Re: Help scripting form IE...
Re: Help scripting form IE...
- Subject: Re: Help scripting form IE...
- From: "Daniel A. Shockley" <email@hidden>
- Date: Mon, 6 Jan 2003 10:59:27 -0500
on 04/01/2003 07:40, Allen Evans at email@hidden wrote:
> Need help making a script to cut and paste out of HTML in IE to text in
TextEdit for update through Pod2Go to my iPod.
Here are what we have figured out so far in the MacAddict Forums (
http://www.macaddict.com/phpBB2/viewtopic.php?t=3047 ):
> ...
Matthew Smith wrote:
I don't think it is possible with Internet Explorer.

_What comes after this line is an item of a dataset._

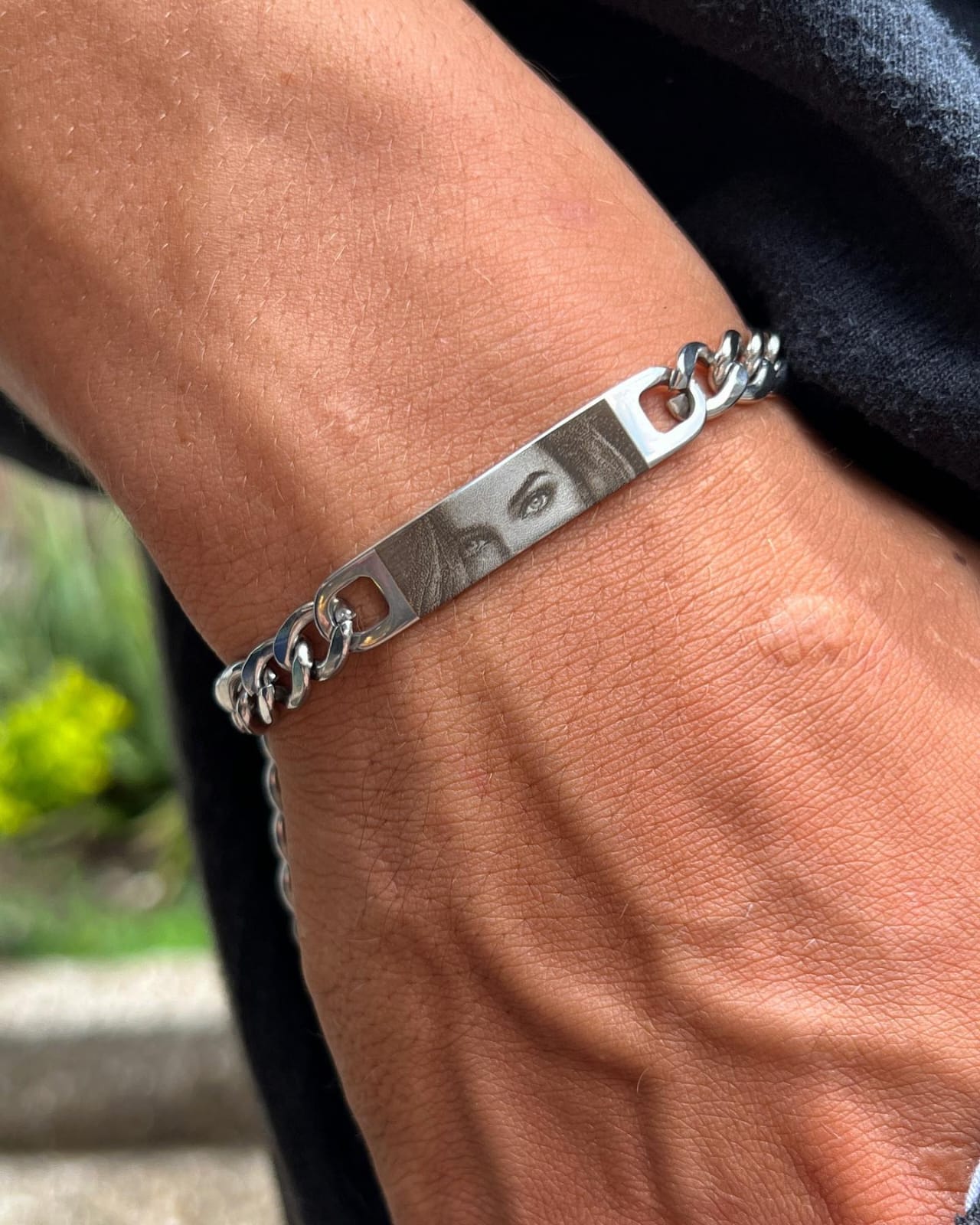 Vintage Pearl Bracelet - Image 1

It is possible with Internet Explorer, just not ideal. You can
control almost anything Internet Explorer does by sending "do script"
javascript commands to it. However, if it is possible, it is best to
avoid scripting an interface.
Why not have script that downloads the web page to a file. You can then use
AppleScript to read the text in the file and extract what you want.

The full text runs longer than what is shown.